Caption-style text data

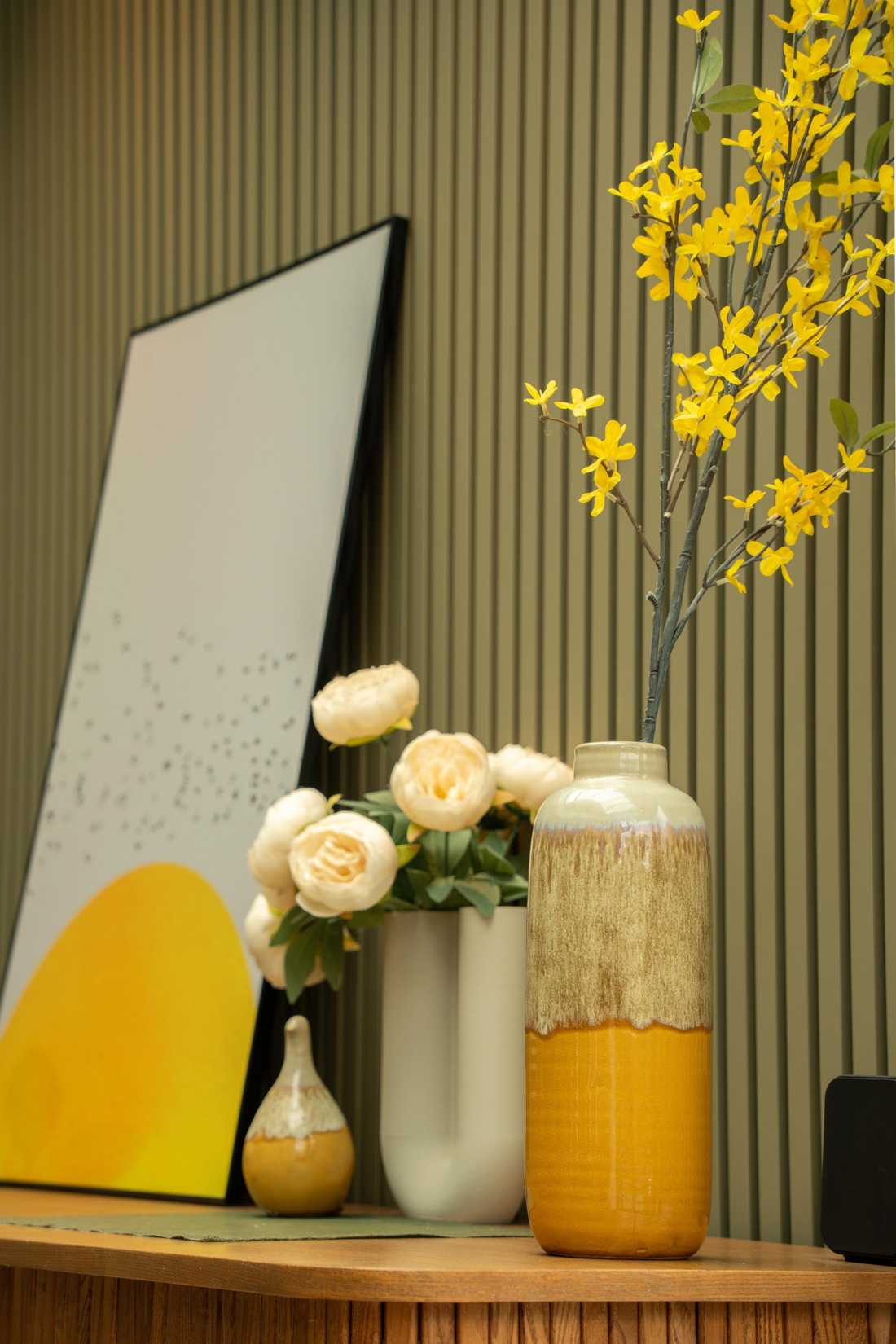 Décoration d'une maison avec peinture vert olive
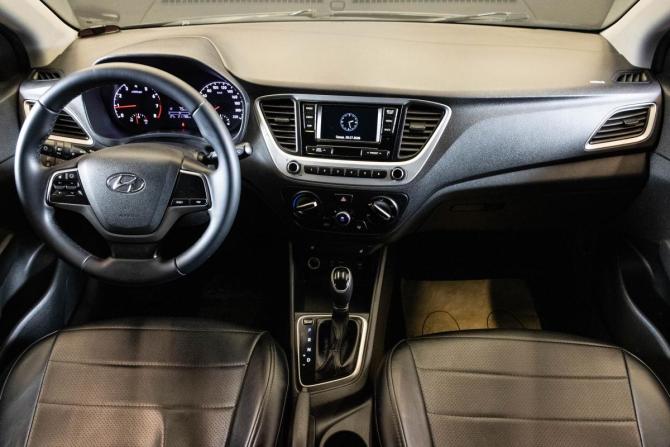Hyundai Solaris II с пробегом 2017 года, цена 1 059 000 рублей, 211786 км, седан, Автокод Объявления
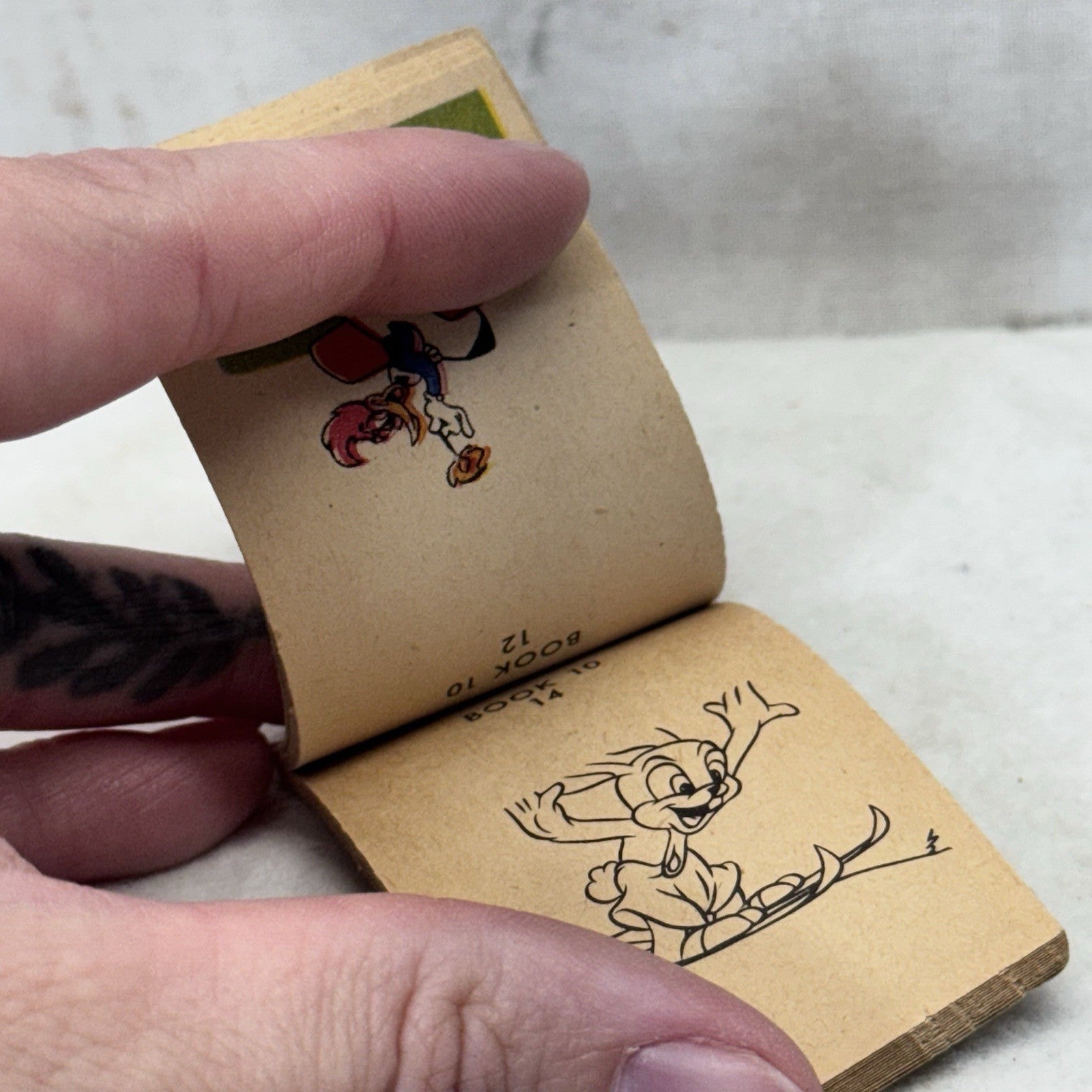 Oswald The Rabbit Woody Woodpecker Mini Flip Movies Grape Nuts Flakes Prize VTG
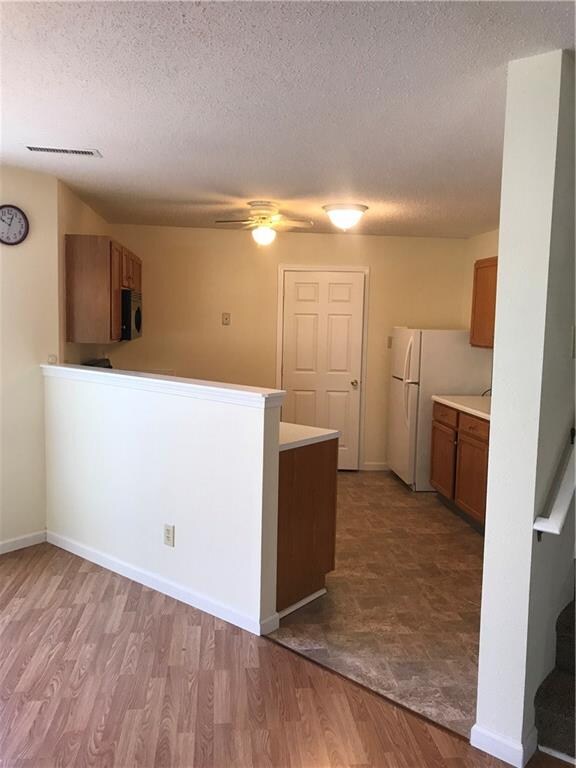 10315 Lothbury Cir, Fishers, IN 46037 - photo 2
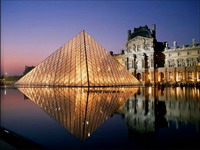 Здания и сооружения: Пирамида Лувра
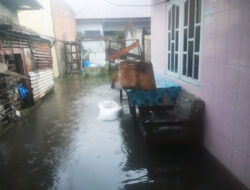 Warga Padang Pasir Dihantui Banjir Berkepanjangan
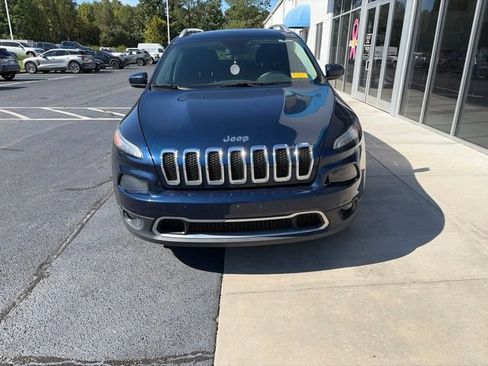 Used 2018 Jeep Cherokee Limited FWD image 2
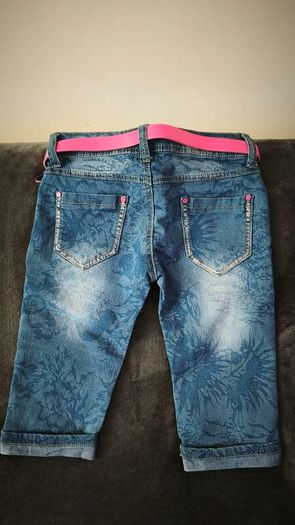 3/4 girls jeans brand new. For resellers 17 pairs
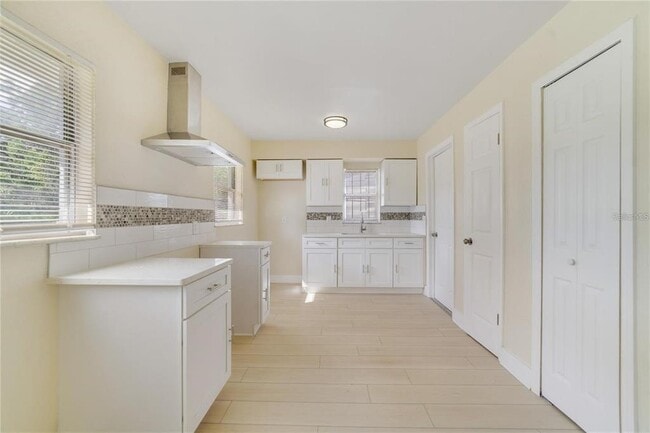 Building Photo - 30 W Hammon Dr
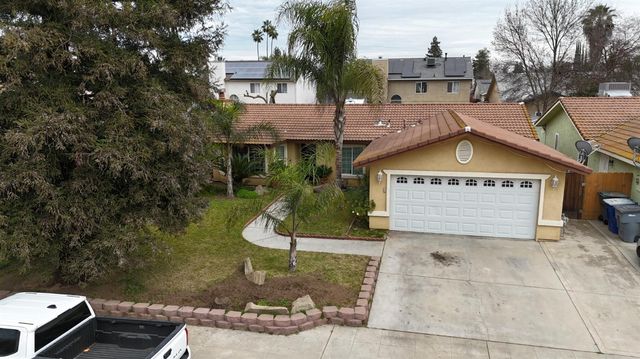 3806 N Cleo, Fresno, CA 93722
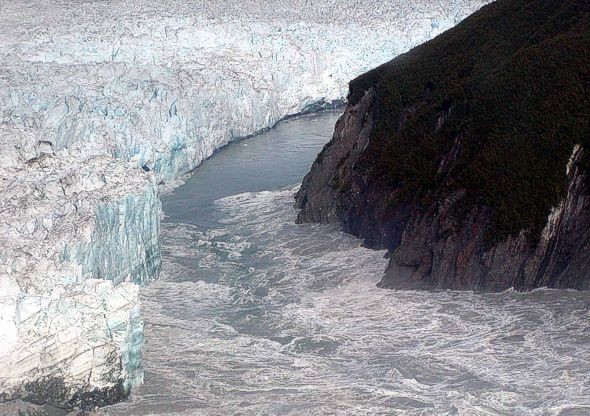 Vidange brutale de lac glaciaire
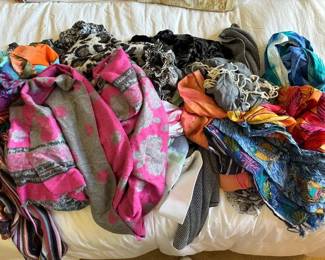 AM303Mystery Lot Scarves  Shawls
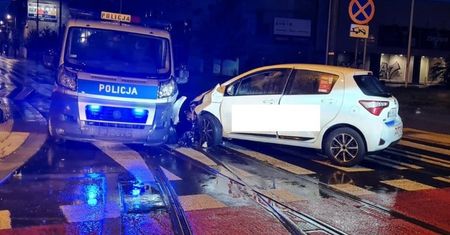 Łódź. 22-latek spowodował wypadek. Pech chciał, że uderzył w radiowóz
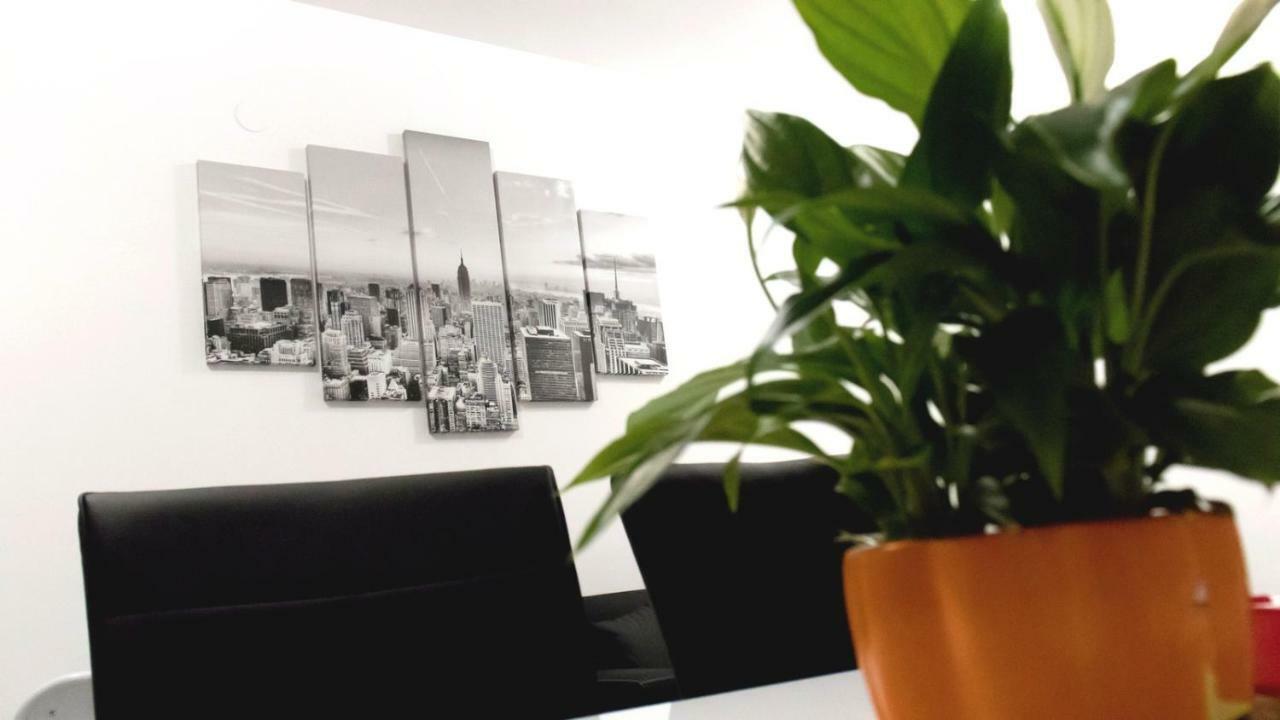 Apartman Pampas โอซีเยก ภายนอก รูปภาพ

Problem to work on: Copy each entry exactly as written. Pictures do not belong in the copy.

Answer box:
 Décoration d'une maison avec peinture vert olive
Hyundai Solaris II с пробегом 2017 года, цена 1 059 000 рублей, 211786 км, седан, Автокод Объявления
 Oswald The Rabbit Woody Woodpecker Mini Flip Movies Grape Nuts Flakes Prize VTG
 10315 Lothbury Cir, Fishers, IN 46037 - photo 2
 Здания и сооружения: Пирамида Лувра
 Warga Padang Pasir Dihantui Banjir Berkepanjangan
 Used 2018 Jeep Cherokee Limited FWD image 2
 3/4 girls jeans brand new. For resellers 17 pairs
 Building Photo - 30 W Hammon Dr
 3806 N Cleo, Fresno, CA 93722
 Vidange brutale de lac glaciaire
 AM303Mystery Lot Scarves  Shawls
 Łódź. 22-latek spowodował wypadek. Pech chciał, że uderzył w radiowóz
 Apartman Pampas โอซีเยก ภายนอก รูปภาพ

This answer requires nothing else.